Score:1

uWSGI aborts responses, loses connection to nginx

gb flag

I'm running a small web application written in Python, running in uWSGI and served through nginx. There's a component that generates ZIP files for downloading, which occasionally can be quite large (several GB). It often happens that the connection between nginx and uWSGI is broken and the request is aborted; nginx ignores the truncated response while the browser runs into a timeout because it keeps the connection opened, expecting more response data. The application generates a proper Content-Length header.

From the uWSGI log:

uwsgi_response_write_body_do(): Broken pipe [core/writer.c line 429] during GET [...]
OSError: write error
SIGPIPE: writing to a closed pipe/socket/fd (probably the client disconnected) on request [...] !!!

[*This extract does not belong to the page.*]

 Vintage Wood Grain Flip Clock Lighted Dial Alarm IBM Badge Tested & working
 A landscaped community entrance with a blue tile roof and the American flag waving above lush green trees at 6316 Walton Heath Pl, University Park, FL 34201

I've already set socket-timeout, socket-send-timeout and socket-write-timeout to 180 in the uWSGI configuration, to no avail. The nginx conf includes uwsgi_read_timeout 180s; and uwsgi_buffering off;

The effect is mostly reproducible, in that it happens most of the time, especially with large responses, but never at the same offset. Repeating the request over and over again might eventually lead to completion.

Michael Hampton avatar
cz flag
This seems more like an app design problem. Web requests really aren't intended to sit there for several minutes waiting for a response. You should rather start a background job to create the ZIP file and then give the user a URL where they can check its status or pick up the file when it is complete.
Felix avatar
gb flag
@MichaelHampton The file is generated on the fly. Response delay is typically less than 10 seconds, but delivery of the response body takes time. The connection is aborted while the response is already being sent to the client. The user agent reports a download progress of sometimes 20%, sometimes 80%, varying a lot, then the data stops flowing and at some point, the user agent reports a timeout while downloading.
Michael Hampton avatar
cz flag
Hmm. You should check the nginx error log.
Felix avatar
gb flag
Nothing in the nginx error log; the access log only reports the requests with the truncated length, ignoring the fact that Content-Length suggest that the connection was prematurely interrupted.
Michael Hampton avatar
cz flag
OK, so here's an interesting question. How can you possibly know the length of the compressed file before you've compressed it?
Felix avatar
gb flag
I don't compress the files, since they're usually already compressed (mostly JPEG files), so DEFLATE will not gain much space anyway. The files are stored without compression. I get a list of files to send, and from their file sizes, I calculate how big the zip file will be precisely. That's reported as Content-Length, then the ZIP file is generated while being sent to the client. I tested this a lot, and the length calculation is not the problem.
Score:0
gb flag

Turned out neither my application nor nginx was the problem, but a faulty packet filter in front of both.